Practically, most right-thinking spouses work this out for themselves. As you've already found, there don't seem to be as many females who will "submit" themselves, in every single decision to a spouse.
If you find one, and this is your primary criterion, perhaps you should grab her, so long as she doesn't have her fingers crossed behind her back.
However, whereas in the relationship between Christ and the Church the subjection is only on the part of the Church, in the relationship between husband and wife the "subjection" is not one-sided but mutual ... All the reasons in favour of the "subjection" of woman to man in marriage must be understood in the sense of a "mutual subjection" of both "out of reverence for Christ." (John Paul II, Mulieris Dignitatem §24)

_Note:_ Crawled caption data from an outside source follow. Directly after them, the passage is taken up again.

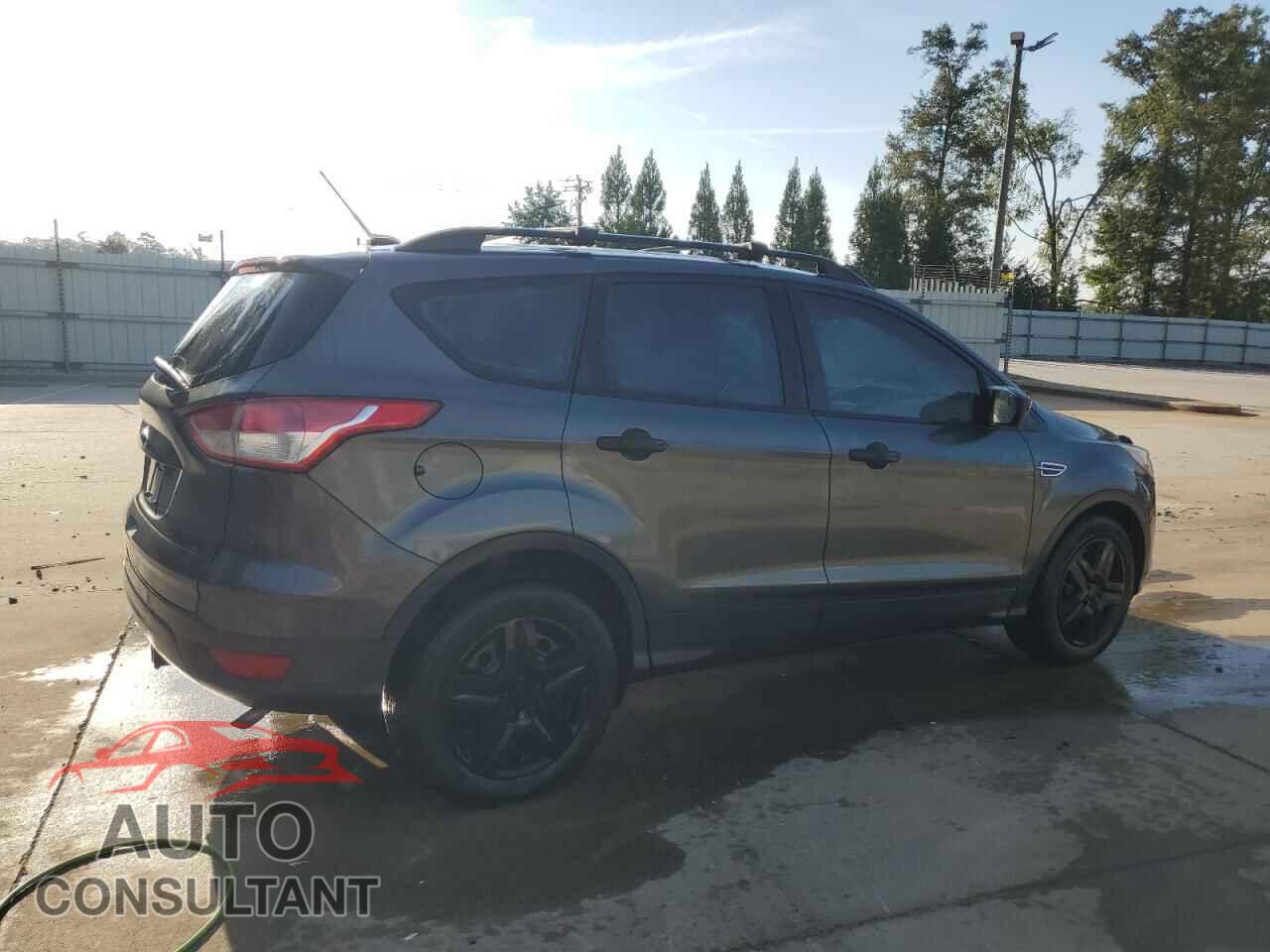 FORD ESCAPE 2015 - 1FMCU0F75FUA50248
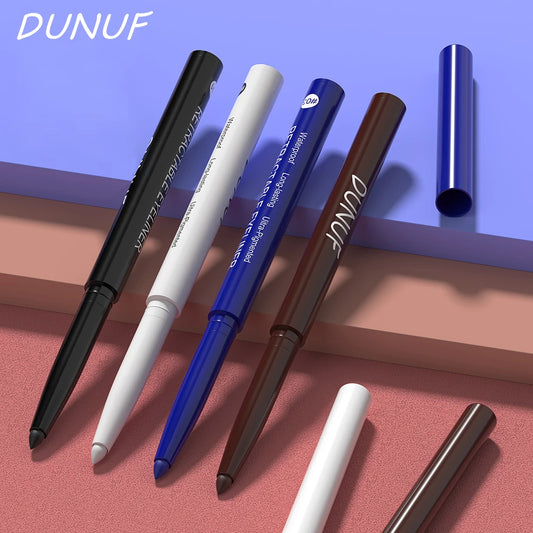 Waterproof Eyeliner Pencil Set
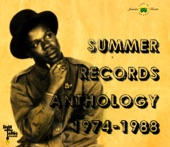 Summer Records Anthology: 1974-1988 artwork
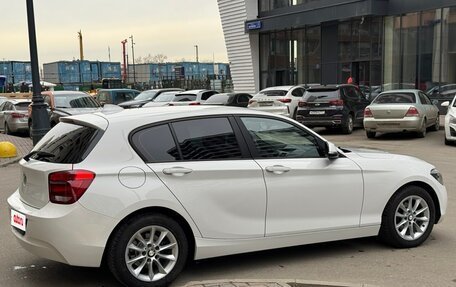 BMW 1 серия, 2013 год, 1 600 000 рублей, 6 фотография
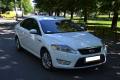 Ford Mondeo 2.0 DIESEL 140KM 2010r.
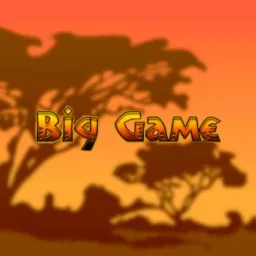 Logo image for Big Game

Domestic society being confirmed, therefore, by this bond of love, there should flourish in it that "order of love," as St. Augustine calls it. This order includes both the primacy of the husband with regard to the wife and children, the ready subjection of the wife and her willing obedience, which the Apostle commends in these words: "Let women be subject to their husbands as to the Lord, because the husband is the head of the wife, and Christ is the head of the Church." ... But the structure of the family and its fundamental law, established and confirmed by God, must always and everywhere be maintained intact. (Pius XI, Casti Connubii §26, 28)
How exactly is a "mutual subjection" compatible with the "primacy of the husband"? It can't be that the husband's love for his wife "as Christ also loved the church and delivered himself up for it" is the subjection on his part or even part of this subjection, since the Pope says that "between Christ and the Church the subjection is only on the part of the Church".